Polícia segue investigando responsabilidades

Enquanto isso, a Polícia Civil segue fazendo investigações para atender aos pedidos feitos pelo Ministério Público (MP) na denúncia sobre a tragédia. Cerca de 40 pessoas já foram ouvidas. Todas atuaram como prestadores de serviços, funcionários ou seguranças da Boate Kiss.     

Nessa fase, que está quase no fim, a Polícia Civil quer saber se Angela Aurélia Cellegaro, irmã de Elissandro Spohr, sócio da boate Kiss, e Marlene Terezinha Callegaro, mãe dos dois, tinham poder de mando e de veto nas decisões relativas à contratação de show pirotécnico, reformas da boate, instalação de espuma para isolamento acústico e lotação da casa noturna. No papel, as duas são as proprietárias da boate.

Os depoimentos também serviram para subsidiar a investigação sobre a atuação dos seguranças. O Ministério Público pediu para a Polícia Civil esclarecer a atuação deles no sentido de impedir a saída das pessoas após o início do fogo.

Ainda nesta semana, a investigação passará a ouvir servidores da prefeitura para saber detalhes sobre a atuação do secretário de Controle e Mobilidade Urbana, Miguel Passini, e do chefe da fiscalização da pasta, Beloyannes Orengo de Pietro Júnior. O MP quer saber se foi pedida a eles pelos bombeiros a suspensão das atividades da boate, após o termino da validade do alvará de prevenção a incêndio.

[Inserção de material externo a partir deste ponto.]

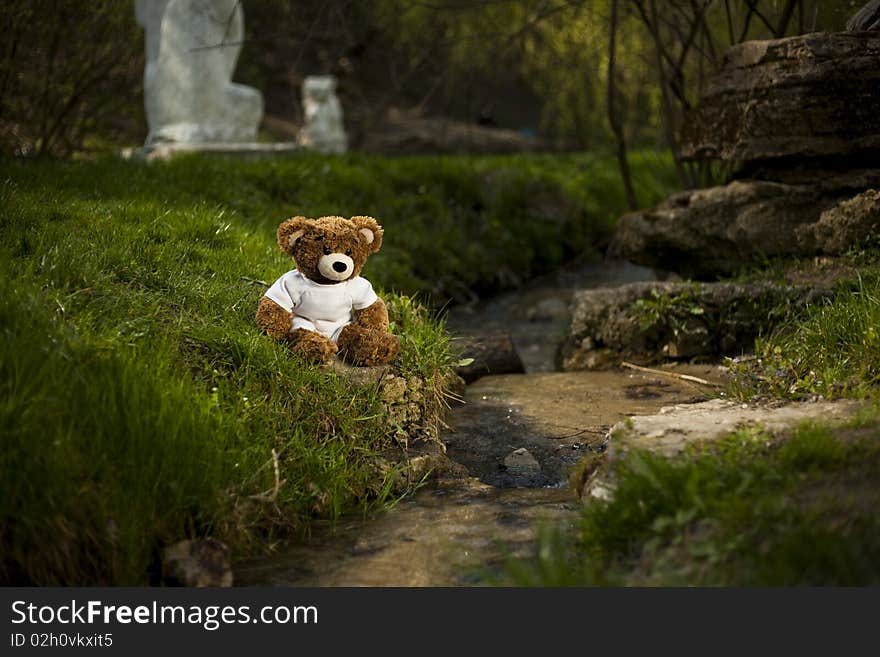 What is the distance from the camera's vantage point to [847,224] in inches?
239

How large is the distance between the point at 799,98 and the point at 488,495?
3873 millimetres

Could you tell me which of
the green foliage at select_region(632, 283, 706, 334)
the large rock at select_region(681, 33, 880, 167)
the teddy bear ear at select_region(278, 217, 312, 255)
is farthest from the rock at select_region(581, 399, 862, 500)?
the large rock at select_region(681, 33, 880, 167)

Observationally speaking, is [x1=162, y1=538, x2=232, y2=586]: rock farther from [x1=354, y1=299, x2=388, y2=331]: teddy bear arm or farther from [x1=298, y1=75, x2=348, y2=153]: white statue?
[x1=298, y1=75, x2=348, y2=153]: white statue

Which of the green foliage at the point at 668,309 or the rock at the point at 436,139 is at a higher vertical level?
the rock at the point at 436,139

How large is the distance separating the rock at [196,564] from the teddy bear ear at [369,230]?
193cm

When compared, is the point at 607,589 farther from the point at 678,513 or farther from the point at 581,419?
the point at 581,419

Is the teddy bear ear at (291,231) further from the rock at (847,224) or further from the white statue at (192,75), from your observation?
the white statue at (192,75)

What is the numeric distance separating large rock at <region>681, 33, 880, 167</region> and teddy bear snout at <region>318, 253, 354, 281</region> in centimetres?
356

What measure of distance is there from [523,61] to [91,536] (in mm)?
15439

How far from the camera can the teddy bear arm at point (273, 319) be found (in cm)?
430

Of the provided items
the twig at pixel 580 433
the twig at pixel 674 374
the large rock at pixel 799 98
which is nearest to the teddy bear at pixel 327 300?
the twig at pixel 580 433

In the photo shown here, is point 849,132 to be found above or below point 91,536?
above

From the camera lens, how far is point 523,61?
55.6ft

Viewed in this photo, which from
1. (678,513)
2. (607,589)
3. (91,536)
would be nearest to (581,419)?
(678,513) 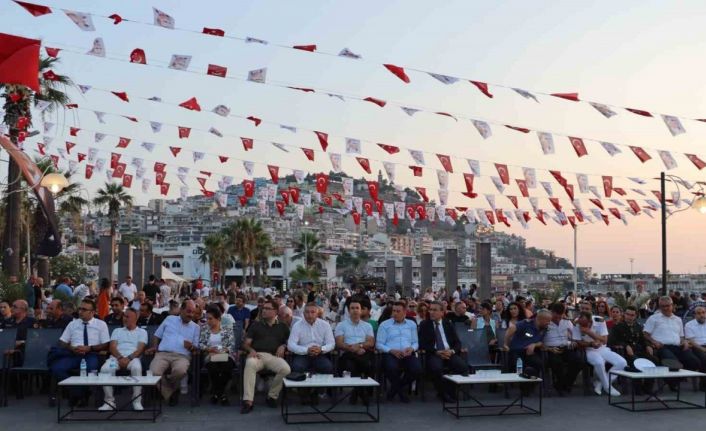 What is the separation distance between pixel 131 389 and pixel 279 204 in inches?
739

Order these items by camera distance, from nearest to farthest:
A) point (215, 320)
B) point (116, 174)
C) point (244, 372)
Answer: point (244, 372), point (215, 320), point (116, 174)

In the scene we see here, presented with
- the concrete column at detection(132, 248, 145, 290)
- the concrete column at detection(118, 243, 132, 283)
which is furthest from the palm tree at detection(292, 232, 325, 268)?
the concrete column at detection(118, 243, 132, 283)

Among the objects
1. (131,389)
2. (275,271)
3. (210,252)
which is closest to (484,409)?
(131,389)

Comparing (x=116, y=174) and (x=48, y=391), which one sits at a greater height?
(x=116, y=174)

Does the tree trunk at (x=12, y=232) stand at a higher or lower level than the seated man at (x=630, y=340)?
higher

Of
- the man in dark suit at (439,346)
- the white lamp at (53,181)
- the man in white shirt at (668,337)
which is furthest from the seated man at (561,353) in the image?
the white lamp at (53,181)

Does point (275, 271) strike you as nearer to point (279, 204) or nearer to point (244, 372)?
point (279, 204)

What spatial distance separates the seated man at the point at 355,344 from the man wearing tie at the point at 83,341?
2.76 metres

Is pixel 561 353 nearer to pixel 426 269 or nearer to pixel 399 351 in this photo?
pixel 399 351

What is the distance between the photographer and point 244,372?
331 inches

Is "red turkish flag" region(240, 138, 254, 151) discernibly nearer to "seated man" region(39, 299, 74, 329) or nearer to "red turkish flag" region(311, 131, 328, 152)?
"red turkish flag" region(311, 131, 328, 152)

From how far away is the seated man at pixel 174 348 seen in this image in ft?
27.9

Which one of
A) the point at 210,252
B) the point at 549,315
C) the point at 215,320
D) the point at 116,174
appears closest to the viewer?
the point at 215,320

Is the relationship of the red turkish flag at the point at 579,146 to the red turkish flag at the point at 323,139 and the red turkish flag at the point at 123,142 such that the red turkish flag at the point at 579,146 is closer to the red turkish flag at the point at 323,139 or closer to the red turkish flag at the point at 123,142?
the red turkish flag at the point at 323,139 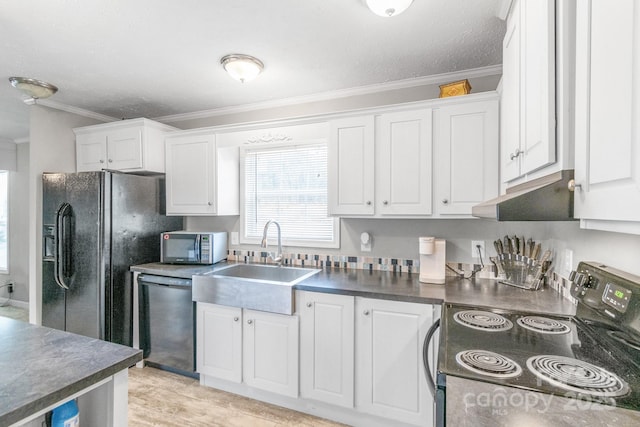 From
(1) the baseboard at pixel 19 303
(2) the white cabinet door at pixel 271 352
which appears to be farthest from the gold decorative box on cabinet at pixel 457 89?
(1) the baseboard at pixel 19 303

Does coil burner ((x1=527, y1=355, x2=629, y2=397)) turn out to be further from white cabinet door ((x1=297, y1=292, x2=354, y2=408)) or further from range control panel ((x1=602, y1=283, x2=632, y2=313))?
white cabinet door ((x1=297, y1=292, x2=354, y2=408))

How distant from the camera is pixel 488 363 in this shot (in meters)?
0.90

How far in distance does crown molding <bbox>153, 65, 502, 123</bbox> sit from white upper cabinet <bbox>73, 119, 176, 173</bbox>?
16.1 inches

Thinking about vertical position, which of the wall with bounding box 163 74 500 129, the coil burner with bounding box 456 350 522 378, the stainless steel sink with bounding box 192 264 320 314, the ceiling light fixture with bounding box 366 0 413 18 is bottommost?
the stainless steel sink with bounding box 192 264 320 314

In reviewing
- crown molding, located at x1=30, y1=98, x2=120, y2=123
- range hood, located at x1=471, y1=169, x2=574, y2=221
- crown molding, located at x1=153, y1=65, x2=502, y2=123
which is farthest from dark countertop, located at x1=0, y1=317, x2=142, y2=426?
crown molding, located at x1=30, y1=98, x2=120, y2=123

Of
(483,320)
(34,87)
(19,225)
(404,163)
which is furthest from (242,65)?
(19,225)

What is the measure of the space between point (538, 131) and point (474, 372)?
2.82 feet

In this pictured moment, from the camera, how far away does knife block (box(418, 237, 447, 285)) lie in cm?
212

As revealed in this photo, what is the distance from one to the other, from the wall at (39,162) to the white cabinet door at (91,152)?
125mm

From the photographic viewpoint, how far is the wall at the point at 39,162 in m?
2.96

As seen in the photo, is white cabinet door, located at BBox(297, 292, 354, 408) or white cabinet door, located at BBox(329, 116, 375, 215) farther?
white cabinet door, located at BBox(329, 116, 375, 215)

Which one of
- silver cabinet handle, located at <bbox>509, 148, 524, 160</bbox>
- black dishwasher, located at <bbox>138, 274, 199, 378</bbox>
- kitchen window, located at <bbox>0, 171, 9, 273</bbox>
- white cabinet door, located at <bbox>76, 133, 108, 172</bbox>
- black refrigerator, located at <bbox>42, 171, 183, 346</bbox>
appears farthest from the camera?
kitchen window, located at <bbox>0, 171, 9, 273</bbox>

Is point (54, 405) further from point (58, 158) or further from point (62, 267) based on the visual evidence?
point (58, 158)

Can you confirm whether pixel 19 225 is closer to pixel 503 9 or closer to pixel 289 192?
pixel 289 192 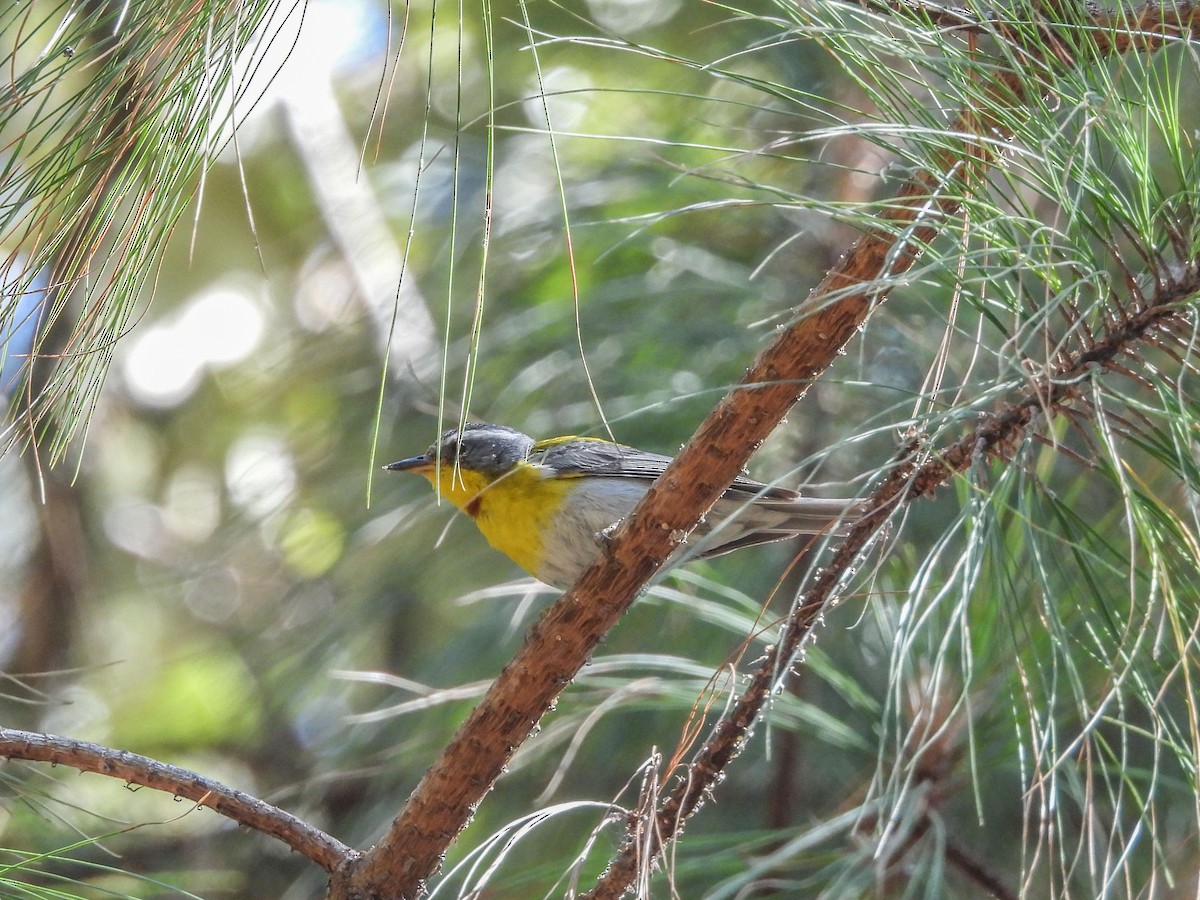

As conclusões serão enviadas para o MP somente depois que todas as investigações forem concluídas. Os promotores tinham dado 10 dias para que o trabalho fosse terminado. O prazo se encerrou na última sexta-feira, mas a Polícia Civil ainda não tem previsão de quando terminará as investigações complementares. 

Incêndio na Boate Kiss

Na madrugada do dia 27 de janeiro, um incêndio deixou 241 mortos em Santa Maria (RS). O fogo na Boate Kiss começou por volta das 2h30, quando um integrante da banda que fazia show na festa universitária lançou um artefato pirotécnico, que atingiu a espuma altamente inflamável do teto da boate.

Com apenas uma porta de entrada e saída disponível, os jovens tiveram dificuldade para deixar o local. Muitos foram pisoteados. A maioria dos mortos foi asfixiada pela fumaça tóxica, contendo cianeto, liberada pela queima da espuma.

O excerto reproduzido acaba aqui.